*** Extracted entries ***

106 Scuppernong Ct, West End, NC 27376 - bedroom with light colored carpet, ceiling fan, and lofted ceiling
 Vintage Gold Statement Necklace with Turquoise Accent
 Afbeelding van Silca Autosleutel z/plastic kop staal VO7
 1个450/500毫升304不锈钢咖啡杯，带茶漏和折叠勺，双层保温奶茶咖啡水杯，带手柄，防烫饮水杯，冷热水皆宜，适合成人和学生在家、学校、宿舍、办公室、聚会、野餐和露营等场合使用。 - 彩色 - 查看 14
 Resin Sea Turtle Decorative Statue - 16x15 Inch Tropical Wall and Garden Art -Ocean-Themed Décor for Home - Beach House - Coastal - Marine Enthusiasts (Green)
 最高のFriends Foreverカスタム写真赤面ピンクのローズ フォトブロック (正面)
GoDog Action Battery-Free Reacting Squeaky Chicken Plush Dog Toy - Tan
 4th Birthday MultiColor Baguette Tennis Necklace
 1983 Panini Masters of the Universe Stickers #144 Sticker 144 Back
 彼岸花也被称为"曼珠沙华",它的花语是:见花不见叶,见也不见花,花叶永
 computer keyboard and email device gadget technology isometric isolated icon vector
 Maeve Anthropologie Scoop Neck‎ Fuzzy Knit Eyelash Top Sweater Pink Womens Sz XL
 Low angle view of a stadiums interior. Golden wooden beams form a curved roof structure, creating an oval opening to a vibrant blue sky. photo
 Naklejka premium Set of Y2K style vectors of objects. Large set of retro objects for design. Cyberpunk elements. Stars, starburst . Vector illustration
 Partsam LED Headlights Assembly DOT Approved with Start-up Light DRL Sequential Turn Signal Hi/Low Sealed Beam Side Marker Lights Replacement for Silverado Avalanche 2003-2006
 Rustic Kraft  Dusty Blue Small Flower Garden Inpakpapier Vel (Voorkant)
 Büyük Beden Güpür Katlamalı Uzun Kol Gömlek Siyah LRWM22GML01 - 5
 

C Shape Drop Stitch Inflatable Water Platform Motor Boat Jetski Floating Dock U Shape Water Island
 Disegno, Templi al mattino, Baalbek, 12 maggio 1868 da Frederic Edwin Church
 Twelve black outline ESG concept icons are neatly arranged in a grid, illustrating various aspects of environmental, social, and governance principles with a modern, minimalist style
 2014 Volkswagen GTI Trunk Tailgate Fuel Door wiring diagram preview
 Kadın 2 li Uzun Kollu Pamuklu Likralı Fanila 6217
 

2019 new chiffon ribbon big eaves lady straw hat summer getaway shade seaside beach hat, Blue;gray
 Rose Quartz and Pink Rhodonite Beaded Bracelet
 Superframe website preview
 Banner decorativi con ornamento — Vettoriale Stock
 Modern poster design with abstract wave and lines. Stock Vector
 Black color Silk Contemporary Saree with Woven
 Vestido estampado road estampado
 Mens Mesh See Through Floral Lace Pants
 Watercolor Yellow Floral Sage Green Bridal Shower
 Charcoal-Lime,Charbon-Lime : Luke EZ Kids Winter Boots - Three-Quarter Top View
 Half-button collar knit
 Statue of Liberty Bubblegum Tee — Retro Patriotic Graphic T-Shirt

*** End of Extracted entries ***

What is required >> Exact reproduction is required: output the lines from the start of the entries above through the line with "Afbeelding van Silca".

Response to the task >>
106 Scuppernong Ct, West End, NC 27376 - bedroom with light colored carpet, ceiling fan, and lofted ceiling
 Vintage Gold Statement Necklace with Turquoise Accent
 Afbeelding van Silca Autosleutel z/plastic kop staal VO7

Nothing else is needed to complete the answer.